Gen. Dennis L. Via closed the book on his 36-year Army career during a special retirement review at Summerall Field on Joint Base Myer-Henderson Hall Oct. 6.

A native of Martinsville, Virginia, Via’s final duty in the Army was as the 18th commander of the U.S. Army Materiel Command, which he took over in August 2012.

“Dennis defied the odds and ascended to the absolute highest ranks of the United States military,” said Gen. Mark A. Milley, Army chief of staff.

The son of a house-painter, Via was the first member of his family to obtain a college degree. He is the first African-American from Virginia to be promoted to four-star general, as well as the first graduate of Virginia State University’s ROTC program to become a four-star general. And he is the first Army Signal Corps officer to be promoted to four-star general in the Army’s 241 year history.

Via worked at a local textile mill while attending high school to help his family with their expenses. Milley said Via did not originally expect to go to college, but a high school teacher encouraged him to apply to Virginia State University, a historically black college in Petersberg, Virginia.

There, he met his future wife, Linda, and graduated as a distinguished military graduate in 1980.

Since graduating, Via has commanded nine times throughout his 36-year career and made great strides in the field of cybersecurity.

He was responsible for founding the United States Strategic Command’s Joint Task Force Global, America’s cybersecurity defense organization.

Commander of Army Materiel Command, Via oversaw an organization with a presence in all 50 states and 144 countries, and a budget of more than $50 billion.

“It is an unbelievably complex and exceptionally competent organization … and Dennis lead it all,” Milley said.

Milley said the Army was losing a Soldier of skill, compassion and character.

“You can leave our ranks today with the confidence that you leave behind a generation of leaders who’ve grown up under your outstanding mentorship,” he said.

During his remarks, Via thanked his family and the many mentors who helped him achieve his many successes.

He thanked his sons, Brian and Bradley, and his wife in particular.

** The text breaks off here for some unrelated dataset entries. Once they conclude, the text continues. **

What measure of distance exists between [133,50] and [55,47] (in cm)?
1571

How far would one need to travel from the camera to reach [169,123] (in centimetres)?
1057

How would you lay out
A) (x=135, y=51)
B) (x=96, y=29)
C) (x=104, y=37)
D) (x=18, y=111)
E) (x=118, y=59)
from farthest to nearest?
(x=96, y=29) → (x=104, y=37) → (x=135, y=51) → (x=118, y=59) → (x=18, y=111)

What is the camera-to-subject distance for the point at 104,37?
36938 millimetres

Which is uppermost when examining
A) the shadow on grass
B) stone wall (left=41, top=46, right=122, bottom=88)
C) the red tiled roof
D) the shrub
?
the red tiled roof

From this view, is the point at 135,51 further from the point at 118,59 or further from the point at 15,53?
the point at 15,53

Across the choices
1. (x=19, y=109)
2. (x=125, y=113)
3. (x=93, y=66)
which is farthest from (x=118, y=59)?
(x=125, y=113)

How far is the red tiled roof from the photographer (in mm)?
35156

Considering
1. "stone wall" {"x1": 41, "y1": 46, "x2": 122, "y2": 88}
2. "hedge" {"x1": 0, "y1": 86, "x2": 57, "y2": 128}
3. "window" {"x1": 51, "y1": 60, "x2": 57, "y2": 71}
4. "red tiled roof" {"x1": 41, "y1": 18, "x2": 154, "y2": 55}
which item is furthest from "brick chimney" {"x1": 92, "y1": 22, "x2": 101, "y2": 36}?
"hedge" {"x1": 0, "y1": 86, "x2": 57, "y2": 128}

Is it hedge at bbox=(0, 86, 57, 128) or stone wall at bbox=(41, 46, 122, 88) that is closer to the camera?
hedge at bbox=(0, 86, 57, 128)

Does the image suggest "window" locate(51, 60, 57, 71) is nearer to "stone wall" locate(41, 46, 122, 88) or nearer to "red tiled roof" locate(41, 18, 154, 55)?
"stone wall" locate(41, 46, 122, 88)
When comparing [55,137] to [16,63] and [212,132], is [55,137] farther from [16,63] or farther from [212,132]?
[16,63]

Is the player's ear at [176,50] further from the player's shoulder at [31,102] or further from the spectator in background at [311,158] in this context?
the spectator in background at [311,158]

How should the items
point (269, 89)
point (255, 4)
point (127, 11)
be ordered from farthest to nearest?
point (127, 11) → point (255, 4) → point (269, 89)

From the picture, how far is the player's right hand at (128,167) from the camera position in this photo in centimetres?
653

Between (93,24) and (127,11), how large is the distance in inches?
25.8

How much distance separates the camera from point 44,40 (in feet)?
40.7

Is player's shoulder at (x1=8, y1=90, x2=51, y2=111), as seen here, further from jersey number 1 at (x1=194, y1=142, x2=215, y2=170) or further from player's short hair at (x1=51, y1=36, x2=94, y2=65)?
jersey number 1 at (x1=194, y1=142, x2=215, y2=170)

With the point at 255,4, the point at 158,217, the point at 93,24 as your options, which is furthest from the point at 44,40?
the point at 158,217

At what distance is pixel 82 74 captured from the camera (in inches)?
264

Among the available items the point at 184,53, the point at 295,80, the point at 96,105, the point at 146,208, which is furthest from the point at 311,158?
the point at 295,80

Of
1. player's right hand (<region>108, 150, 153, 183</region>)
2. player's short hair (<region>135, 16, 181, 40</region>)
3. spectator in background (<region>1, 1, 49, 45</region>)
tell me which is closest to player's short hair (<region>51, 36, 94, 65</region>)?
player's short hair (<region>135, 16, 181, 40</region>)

“Linda has brought me a very, very long way. I may not have been the brightest cadet at Virginia State, but I was bright enough to ask Linda to marry me,” he said. “Linda, you have been an anchor for our family. Thanks for turning those 23 houses that we’ve lived in over the years into homes … and for your constant display of selflessness. There would be no Gen. Via without you.”

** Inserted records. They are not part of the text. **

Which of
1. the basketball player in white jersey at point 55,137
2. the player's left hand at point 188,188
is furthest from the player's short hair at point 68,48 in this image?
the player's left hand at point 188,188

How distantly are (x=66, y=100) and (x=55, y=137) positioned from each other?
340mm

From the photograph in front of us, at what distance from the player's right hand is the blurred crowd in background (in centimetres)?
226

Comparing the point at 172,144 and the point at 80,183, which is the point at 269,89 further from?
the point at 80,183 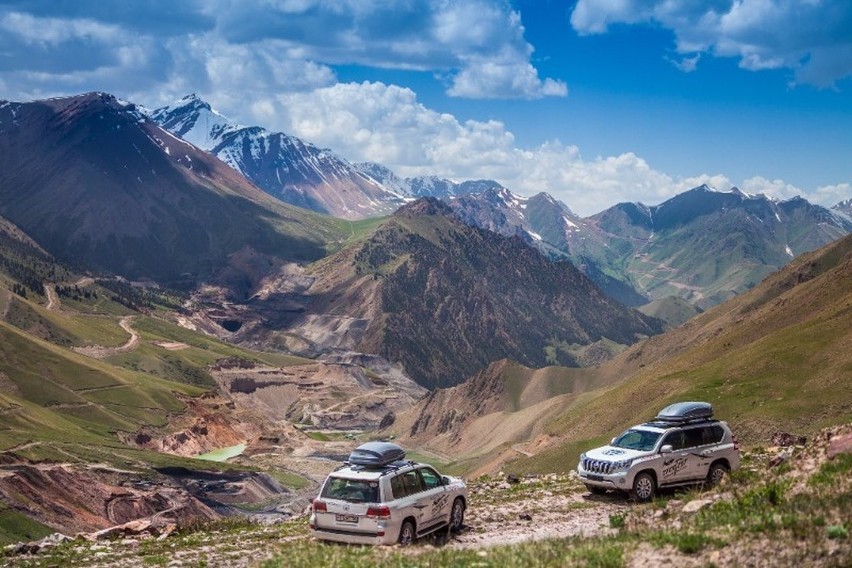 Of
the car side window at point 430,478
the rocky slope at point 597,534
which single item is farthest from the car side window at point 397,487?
the rocky slope at point 597,534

Via also thanked his father, who passed away when Via was 19 years old but who Via said still had “the best seat in the house” for the ceremony.

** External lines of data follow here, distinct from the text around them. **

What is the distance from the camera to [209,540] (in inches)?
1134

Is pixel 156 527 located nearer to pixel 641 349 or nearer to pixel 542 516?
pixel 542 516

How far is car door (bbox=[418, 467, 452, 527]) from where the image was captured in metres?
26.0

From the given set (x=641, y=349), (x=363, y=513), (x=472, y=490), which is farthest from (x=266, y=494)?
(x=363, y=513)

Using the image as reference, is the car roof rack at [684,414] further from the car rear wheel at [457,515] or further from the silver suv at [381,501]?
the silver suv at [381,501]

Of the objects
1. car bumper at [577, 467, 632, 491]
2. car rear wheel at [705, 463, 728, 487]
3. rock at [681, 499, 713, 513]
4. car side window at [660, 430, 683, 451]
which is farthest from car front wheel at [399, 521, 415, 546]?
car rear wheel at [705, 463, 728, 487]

“Although he only had a 5th grade education, he had a PhD in common sense. He taught me the value of hard work,” Via said.

Via saved a special surprise for his wife, as well. Her father, Frank Brown, served in the Army during World War II as a technician on the Red Ball Express missions, supplying allied troops after D-Day.

“Linda, you often mentioned to me that your dad never received his medals for service in the Army. Today, I’m proud to present your father’s medals to you,” Via said.

Via said he was immensely humbled and that he will remember his time in the Army for the rest of his life.

“While I may no longer be in your formation, I will always be on the Army team,” he said.